Extended renderer info (GLX_MESA_query_renderer):
    Vendor: AMD (0x1002)
    Device: AMD Radeon RX 6700 XT (navi22, LLVM 16.0.6, DRM 3.54, 6.6.7-zen1-1-zen) (0x73df)
    Version: 23.2.1
    Accelerated: yes
    Video memory: 12288MB
    Unified memory: no
    Preferred profile: core (0x1)
    Max core profile version: 4.6
    Max compat profile version: 4.6
    Max GLES1 profile version: 1.1
    Max GLES[23] profile version: 3.2
MickTheRus commented 6 months ago

I have regrettably befallen upon the same issue. From glxinfo -B

Extended renderer info (GLX_MESA_query_renderer):
    Vendor: AMD (0x1002)
    Device: AMD Radeon RX 6700 XT (radeonsi, navi22, LLVM 16.0.6, DRM 3.56, 6.7.2-zen1-2-zen) (0x73df)
    Version: 23.3.5
    Accelerated: yes
    Video memory: 12288MB
    Unified memory: no
    Preferred profile: core (0x1)
    Max core profile version: 4.6
    Max compat profile version: 4.6
    Max GLES1 profile version: 1.1
    Max GLES[23] profile version: 3.2

Have either of you used shaders by any chance? I do wonder if that could be possibly causing the issue, I guess I'll have to try it myslef.

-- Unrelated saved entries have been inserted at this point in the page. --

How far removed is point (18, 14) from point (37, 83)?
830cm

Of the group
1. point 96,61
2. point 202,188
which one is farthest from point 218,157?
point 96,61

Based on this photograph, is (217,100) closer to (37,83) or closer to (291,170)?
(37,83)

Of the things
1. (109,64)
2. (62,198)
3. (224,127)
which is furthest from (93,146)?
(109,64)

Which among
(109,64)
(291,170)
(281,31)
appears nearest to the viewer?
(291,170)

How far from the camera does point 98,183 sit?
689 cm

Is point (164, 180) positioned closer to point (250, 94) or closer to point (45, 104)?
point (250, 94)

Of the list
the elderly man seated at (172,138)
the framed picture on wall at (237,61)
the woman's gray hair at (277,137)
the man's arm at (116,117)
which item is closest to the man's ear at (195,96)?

MickTheRus commented 6 months ago

So I played for 2 hours exploring and shit and it seems fine. I also gave it 32 gigs but that's over the top, not let's see if I crash with shaders on default

SaphireLattice commented 6 months ago

So I played for 2 hours exploring and shit and it seems fine. I also gave it 32 gigs but that's over the top, not let's see if I crash with shaders on default

I sincerely doubt that it has anything to do with system RAM. Please make sure that there is at least something similar in dmesg. This is not just a game crash but a full graphical system mess.

MickTheRus commented 6 months ago

dmesg.log Unless I'm missing something seems to similar issue as yours.

MickTheRus commented 6 months ago

After disabling resize bar I have not had any crashes since, if I'm reading correctly it might be an issue with GLFW.

crash_report.txt

SubordinalBlue commented 5 months ago

GLFW and LWJGL are the two main libs MC uses that have caused Linux-only problems in the past. I'd suggest updating to the newest possible version of them.